The required output is a verbatim transcription of the listing, pictures excluded.

**Data provided**

★ ★ ★ ★

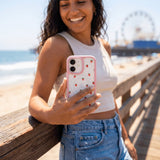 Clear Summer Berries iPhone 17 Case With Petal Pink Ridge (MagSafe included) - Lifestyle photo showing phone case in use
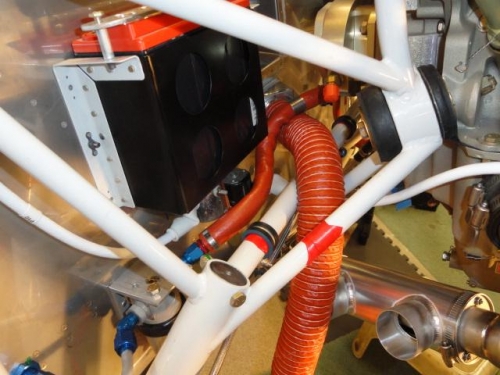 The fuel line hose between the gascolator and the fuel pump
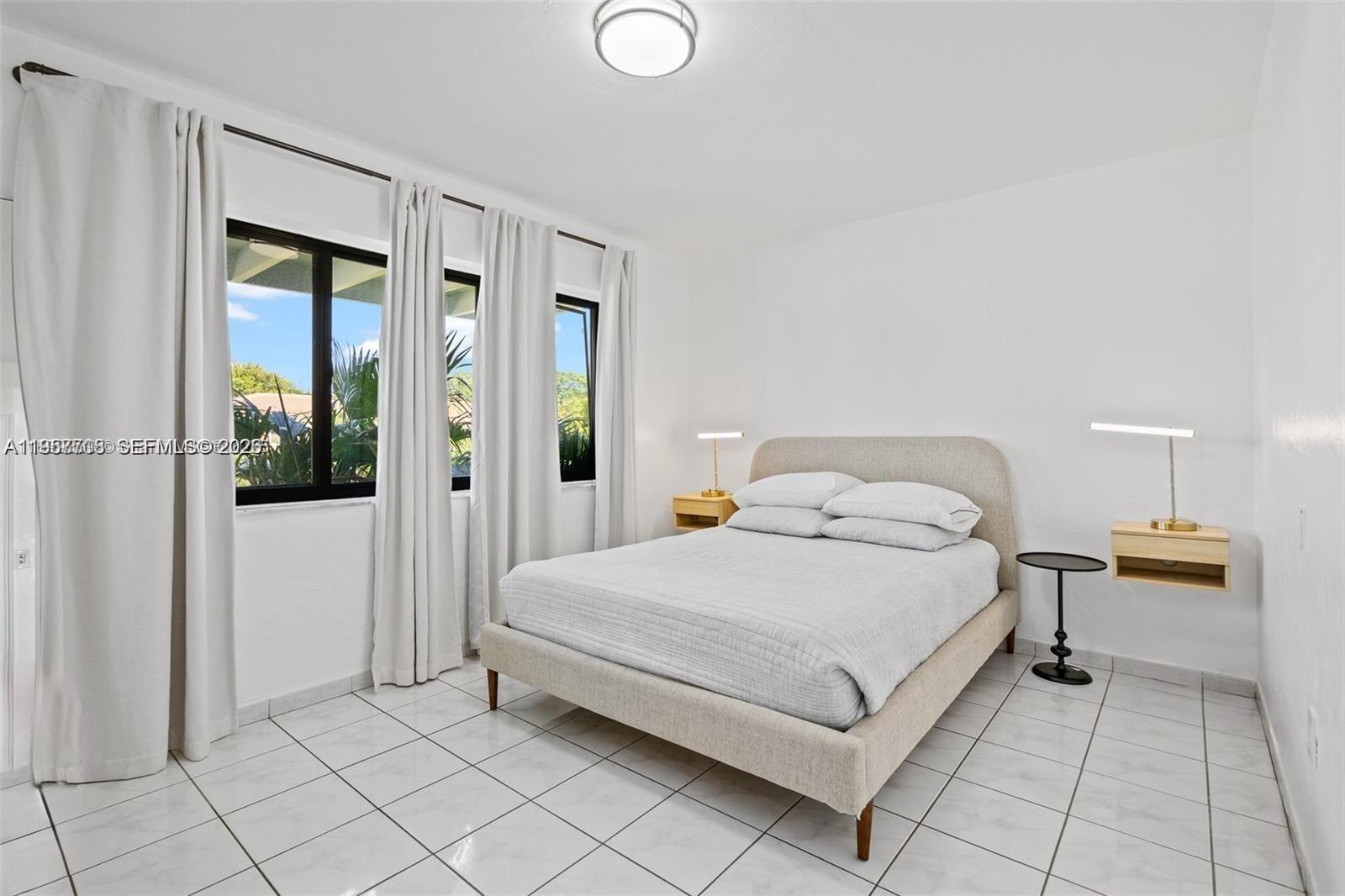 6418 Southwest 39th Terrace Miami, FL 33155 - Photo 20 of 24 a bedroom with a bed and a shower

★ ★ ★ ★

**Task answer**
 Clear Summer Berries iPhone 17 Case With Petal Pink Ridge (MagSafe included) - Lifestyle photo showing phone case in use
 The fuel line hose between the gascolator and the fuel pump
 6418 Southwest 39th Terrace Miami, FL 33155 - Photo 20 of 24 a bedroom with a bed and a shower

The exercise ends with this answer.